To determine the mass of silver chloride precipitated from a solution containing calcium chloride, we need to calculate the stoichiometry of the reaction.
The balanced chemical equation for the reaction between calcium chloride (CaCl2) and silver nitrate (AgNO3) is:
CaCl2 + 2AgNO3 → 2AgCl + Ca(NO3)2
From the equation, we can see that for every 1 mole of calcium chloride, 2 moles of silver chloride are produced.
Step 1: Calculate the number of moles of calcium chloride (CaCl2):
Given: Mass of calcium chloride = 1.50 g
Molar mass of CaCl2 = 40.08 g/mol + (2 × 35.45 g/mol) = 110.98 g/mol
Number of moles = Mass / Molar mass = 1.50 g / 110.98 g/mol ≈ 0.0135 mol
Step 2: Calculate the mass of silver chloride (AgCl) produced:
From the stoichiometry of the reaction, we know that 2 moles of AgCl are produced for every 1 mole of CaCl2.
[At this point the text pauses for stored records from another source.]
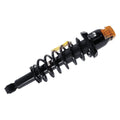 KYB Strut Plus Rear Left Toyota Corolla 2012-2009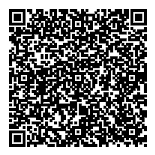 QR код гостиницы Гость
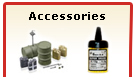 VsTank Pro Accessories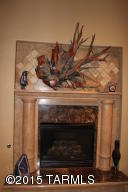 9325 S Old Soldier Trl, Vail, AZ 85641 photo 9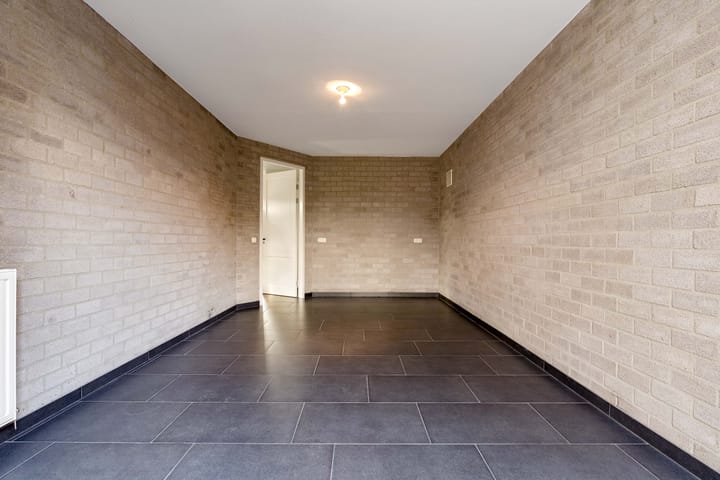 Foto 31 van De Bosberg 28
So, the molar ratio of AgCl to CaCl2 is 2:1.
Mass of AgCl = Number of moles of CaCl2 × Molar mass of AgCl
Number of moles of AgCl = 2 × Number of moles of CaCl2 = 2 × 0.0135 mol = 0.0270 mol
Molar mass of AgCl = 107.87 g/mol
Mass of AgCl = 0.0270 mol × 107.87 g/mol ≈ 2.92 g
Therefore, approximately 2.92 grams of silver chloride (AgCl) will precipitate from the solution containing 1.50 grams of calcium chloride (CaCl2).